(Captioned web images)
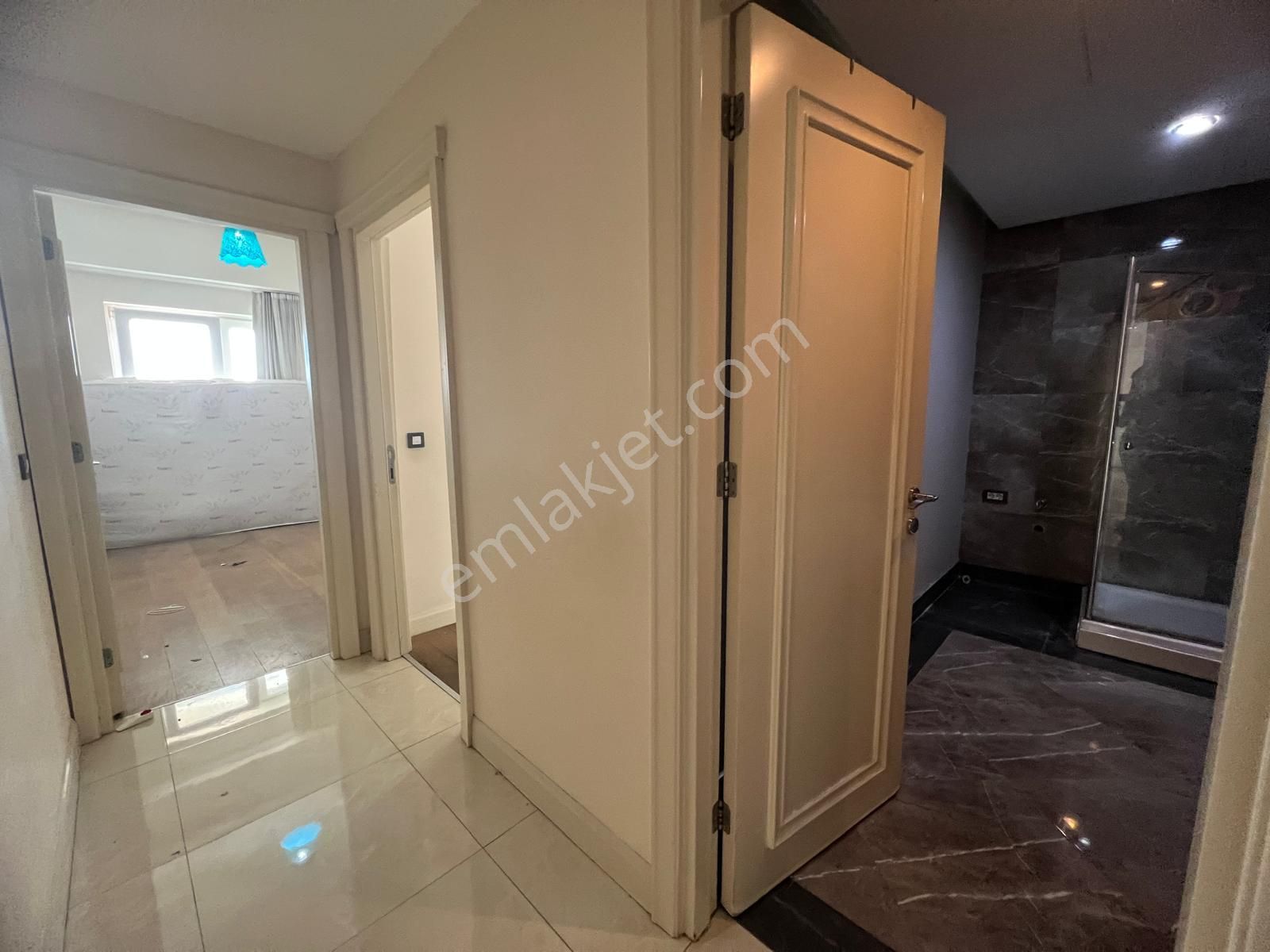 Kiptaş Venezia Mega'da Satılık 2+1 Boş Kule Blok'ta Oturuma Hazır Daire - Görsel 9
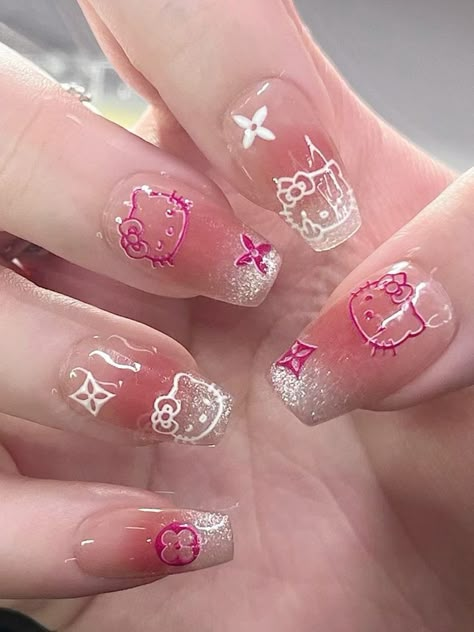 Sanrio Nails Short, Cute Nails Hello Kitty, Hello Kitty Nails Short, Nails Sanrio, Nails Hello Kitty, Paznokcie Hello Kitty, Matching Nails, Hello Kitty Nails Art, Images Hello Kitty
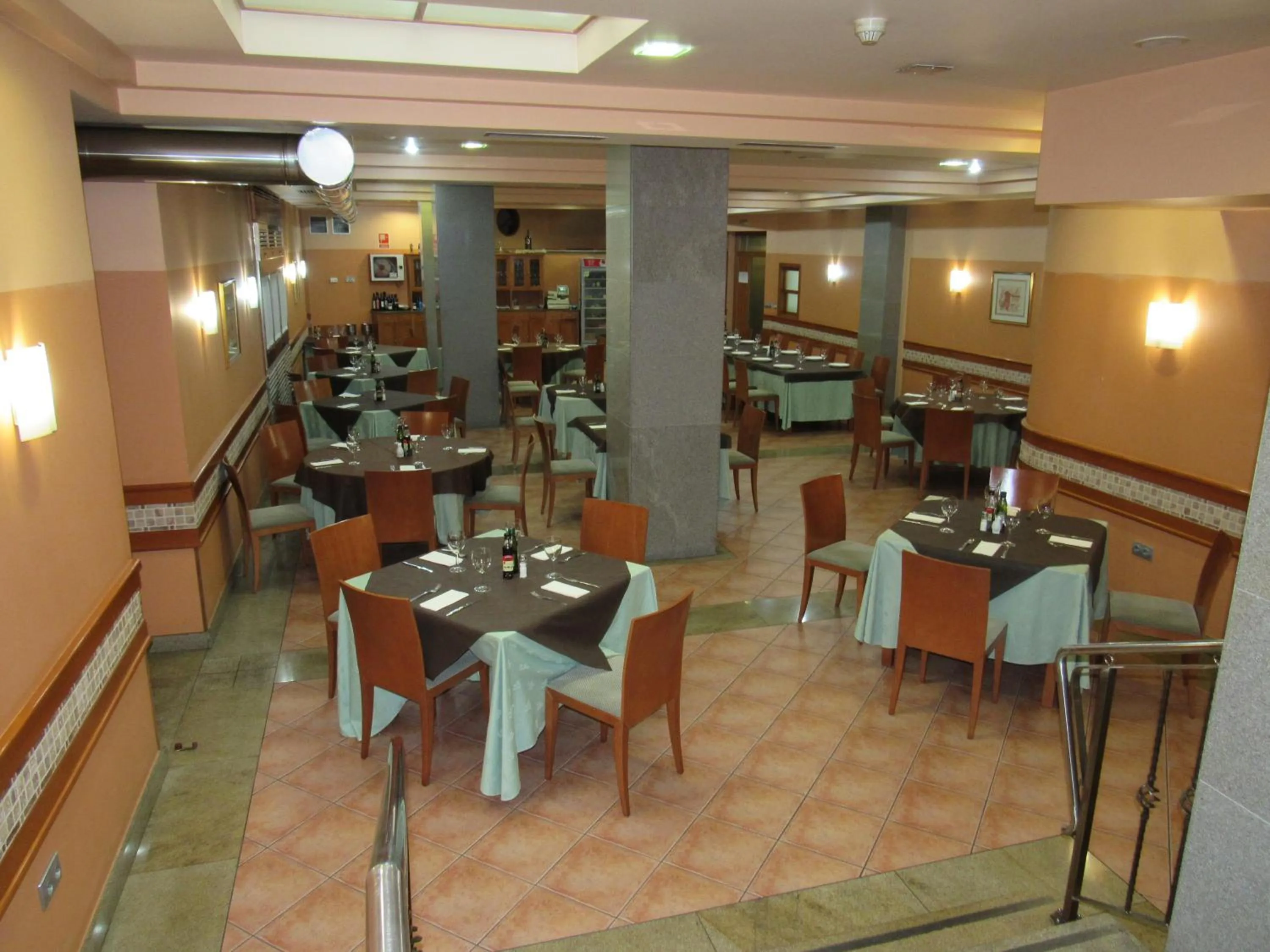 Restaurant/places to eat in Hotel Virgen del Camino Pontevedra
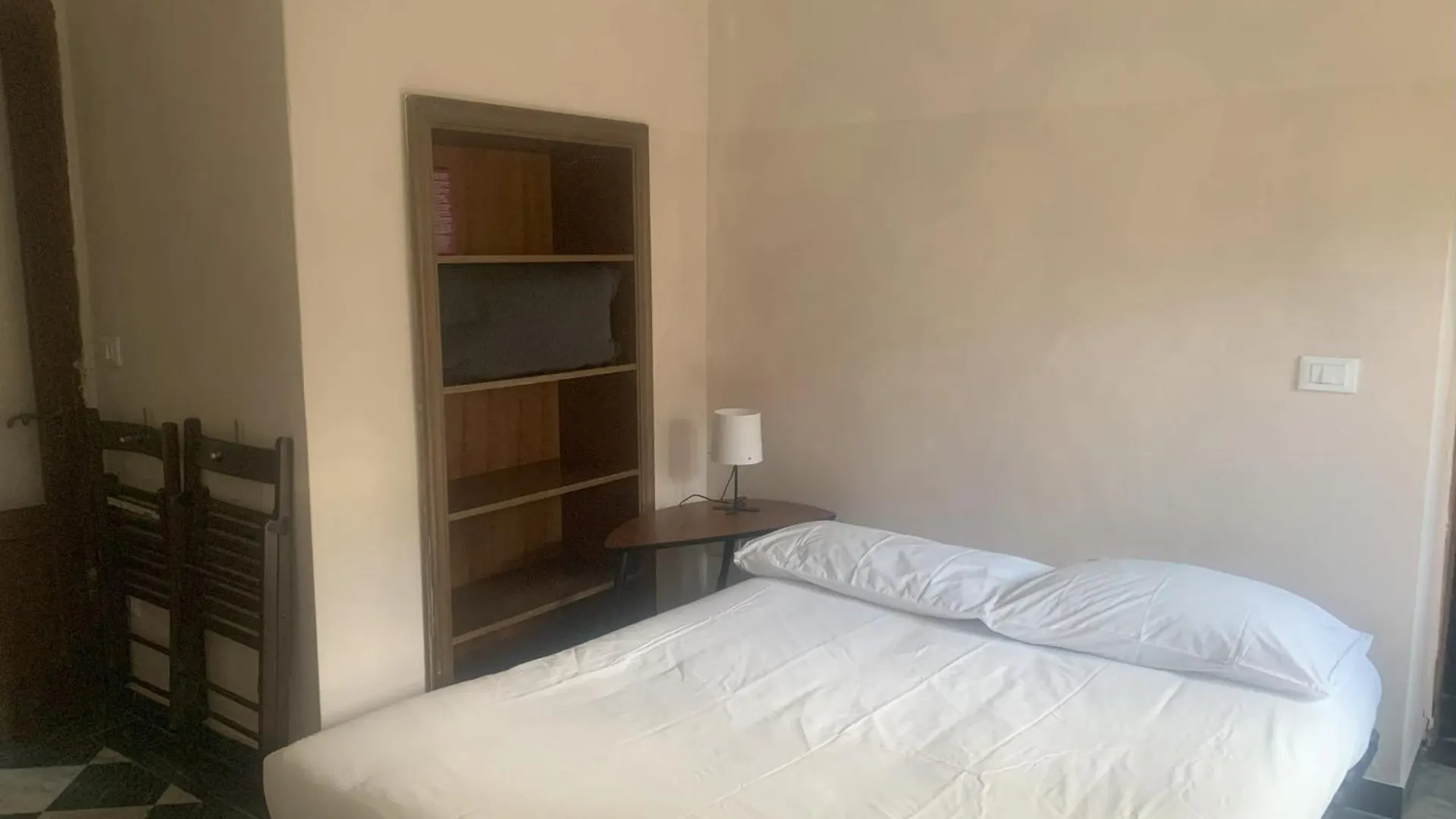 Paradisa28 - Amalfi - Zona Ospedale Cisanello Pisa 0*,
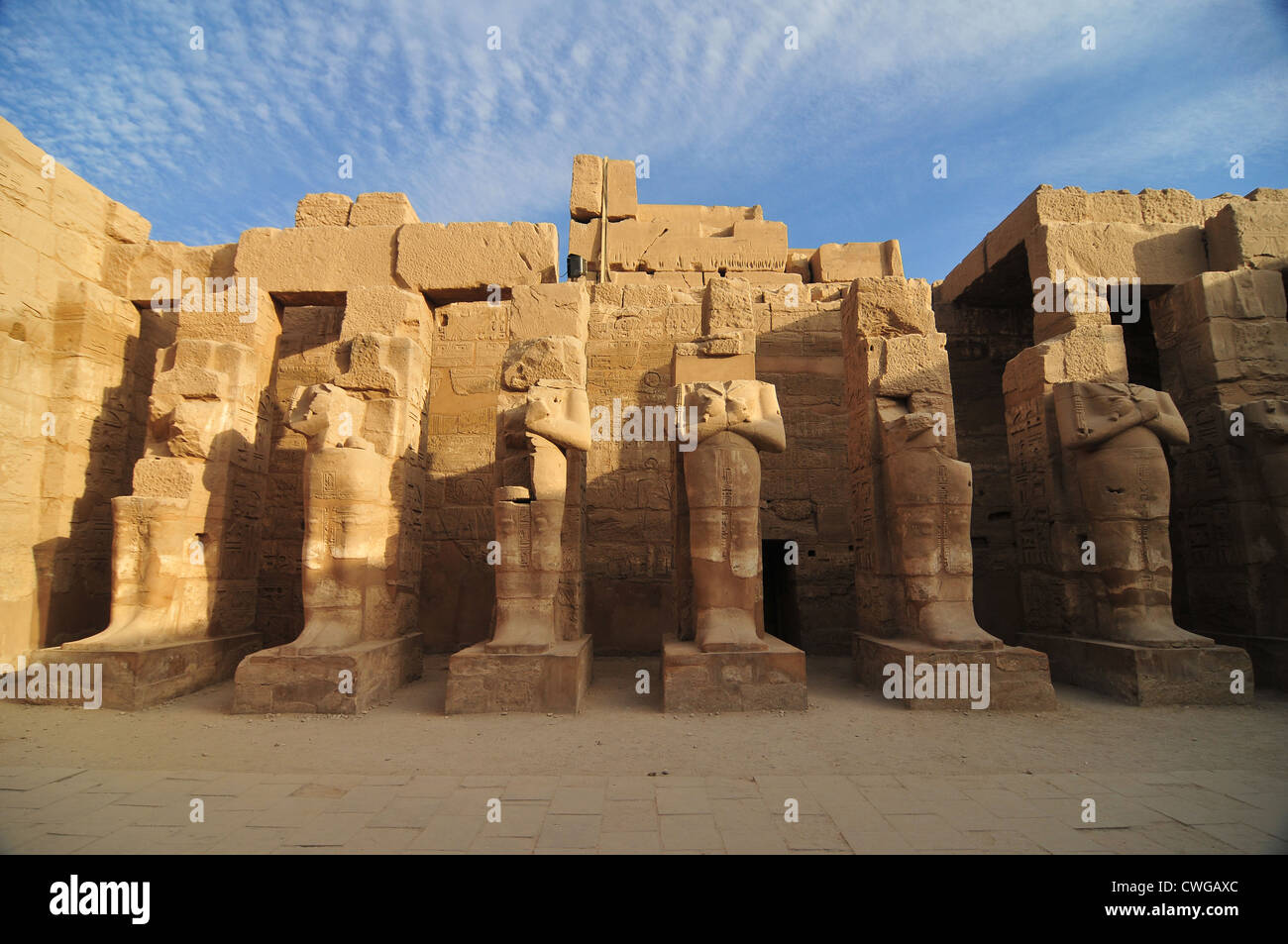 Estatuas de Egipto Karnak, formando una vasta variedad de dientes cariados templos, capillas, torres y otros edificios. Foto de stock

# WORK INSTRUCTION
Pictures stay out. Print the data exactly, from its first line through the line containing "Paradisa28 - Amalfi".

# EXPECTED ANSWER
 Kiptaş Venezia Mega'da Satılık 2+1 Boş Kule Blok'ta Oturuma Hazır Daire - Görsel 9
 Sanrio Nails Short, Cute Nails Hello Kitty, Hello Kitty Nails Short, Nails Sanrio, Nails Hello Kitty, Paznokcie Hello Kitty, Matching Nails, Hello Kitty Nails Art, Images Hello Kitty
 Restaurant/places to eat in Hotel Virgen del Camino Pontevedra
 Paradisa28 - Amalfi - Zona Ospedale Cisanello Pisa 0*,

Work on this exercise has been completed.